I love loudly. Always have.
Maybe it's the writer in me, or the actress in me, or the fact that I'm a youngest child, but for as long as I can remember, I've been the sort of person who loves big. I love big and I love outward, and there's not a person in the room who doesn't know when I love the person sitting beside me. Not a thing about me is subtle, not really. (Except maybe my passion for chain restaurants, because I'm fully aware of how lame and sad and Midwest it is to adore a place like Olive Garden. Still, I mean — the breadsticks.)
The point is, my love can sometimes be a bit deafening in its force, and I've found that it can be both comforting and terrifying, both reassuring and altogether paralyzing for a person to be on the other end of that loud kind of love. For a long time, I don't think I knew of anything different. I'm fortunate enough to have over-the-top, outrageously giving parents who show their love in everyday Post Its on the bathroom mirror, in rooms filled with balloons, and in giant posters that say "You did it!" at every finish line, literally and figuratively. To love, I learned early on, was to say it. To do it.
Every day there was a note, and with every good grade or well-played game, there was a dinner of your choosing — that's the way it worked for our family. And don't even get me started on birthdays.
Buoyed by loud love in all its noisy, chaotic glory, it's now the only way I know to be. Sometimes I find that it's a strength, and other times I know it to be unnecessary — cloying, even, and in the wrong hands, a bit selfish. It's sort of magnificent, though, to know love like that. An obvious, palpable love.
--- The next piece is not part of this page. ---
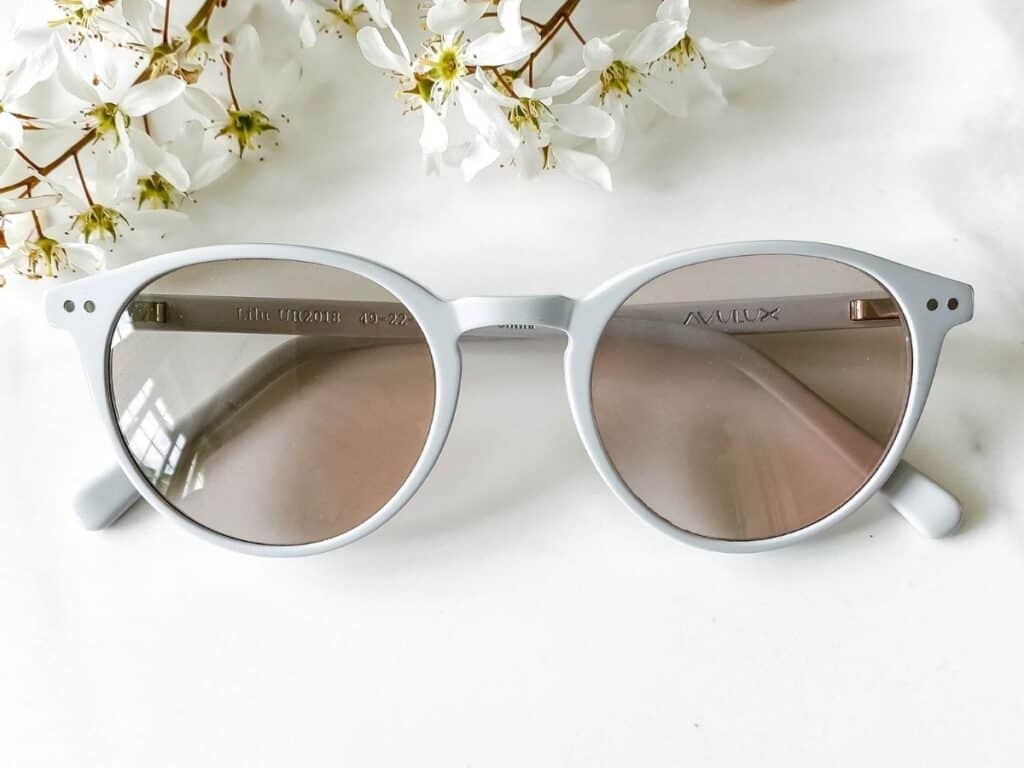 Avulux migraine glasses next to white flowers.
Of course, of course I married Radley. My husband loves quietly, confidently, and with such good, true intention that it sort of knocks the wind out of you. His quiet love, it sneaks into the way he listens, rapt, and the way he can calm a person, any person, and the way he pours your coffee into the better mug, although you know he'd rather have it for himself. You can make out Radley's love in how he laughs quickly and forgives easily. How he comforts. It's found in his knowing smile, in how he looks at you when you're laughing, his eyes crinkling at the corners while a light spreads itself across his face.
I admire it — quiet love. There's something to be said for feelings that don't need to be shouted, for the steady, everyday love that's all the more powerful in its sweet, barely-there whisper.